Fascinating. I was following along well until page 1237, which seems to be missing
A simplistic observation from up to that point: This gives some weight to the posting of the Ten Commandments in our public spaces.
LOL. I felt the same way, except I only got up to the second paragraph. waaaaay too early in the morning. this needs an “uber caffeine alert”.
Thanks for the ping; post. VERY interesting.
Life Is a Gift from God
We hold from God the gift which includes all others. This gift is life — physical, intellectual, and moral life.
But life cannot maintain itself alone. The Creator of life has entrusted us with the responsibility of preserving, developing, and perfecting it. In order that we may accomplish this, He has provided us with a collection of marvelous faculties. And He has put us in the midst of a variety of natural resources. By the application of our faculties to these natural resources we convert them into products, and use them. This process is necessary in order that life may run its appointed course.

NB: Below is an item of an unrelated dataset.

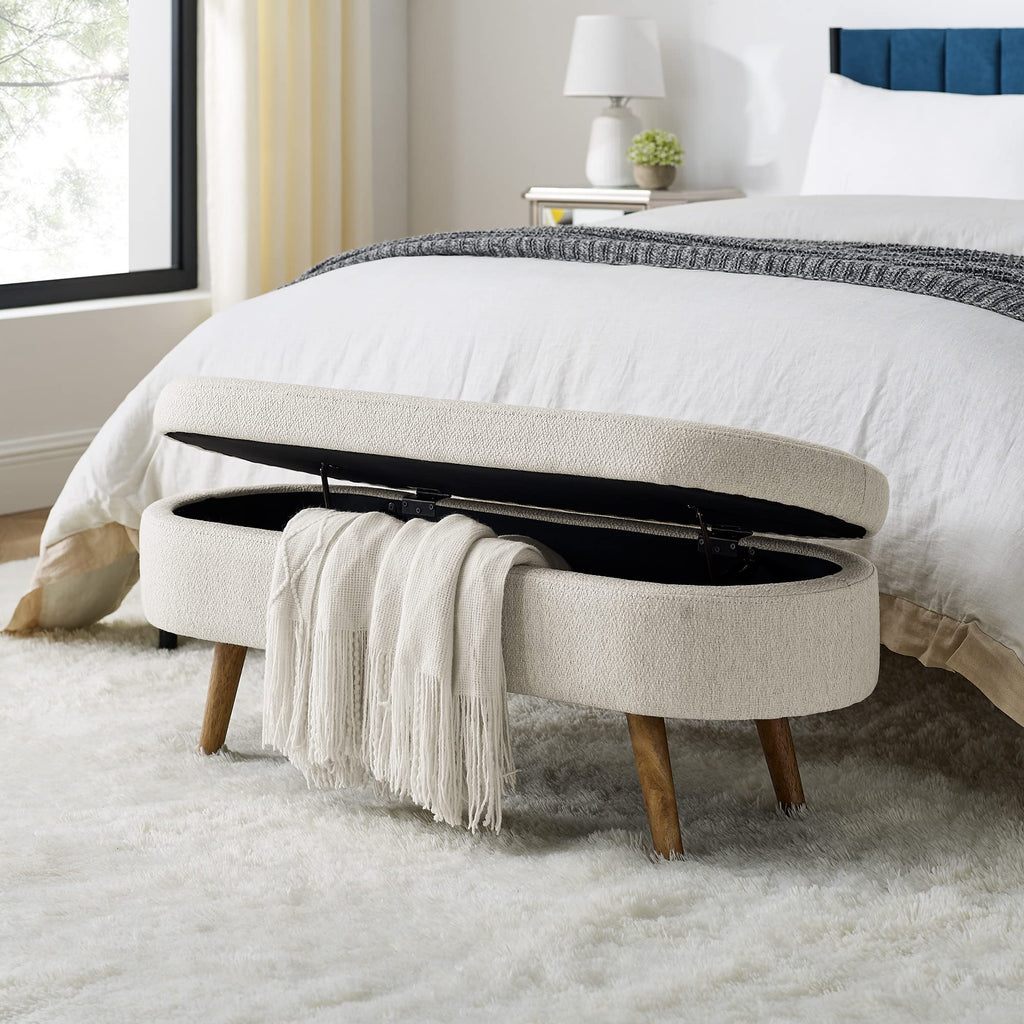 Beige Oval Storage Bench with Rubber Wood Legs Y137538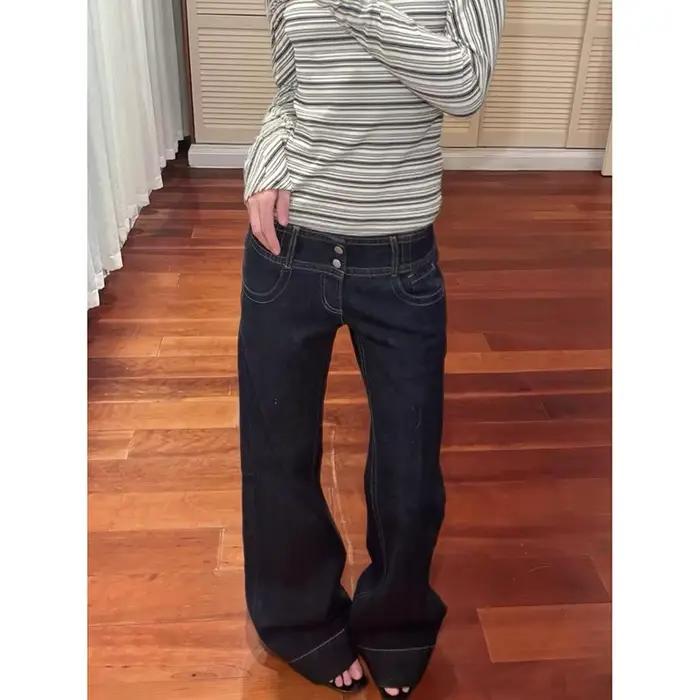 Jean droit Baggy bleu Y2k pour femmes, pantalon en Denim Vintage pour petit ami, Style japonais des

Life, faculties, production—in other words, individuality, liberty, property — this is man. And in spite of the cunning of artful political leaders, these three gifts from God precede all human legislation, and are superior to it.
Life, liberty, and property do not exist because men have made laws. On the contrary, it was the fact that life, liberty, and property existed beforehand that caused men to make laws in the first place.
What Is Law ?
What, then, is law? It is the collective organization of the individual right to lawful defense.
Ping and thanks to FReeper, raygun, for the link to Bastiat on this forum many years ago.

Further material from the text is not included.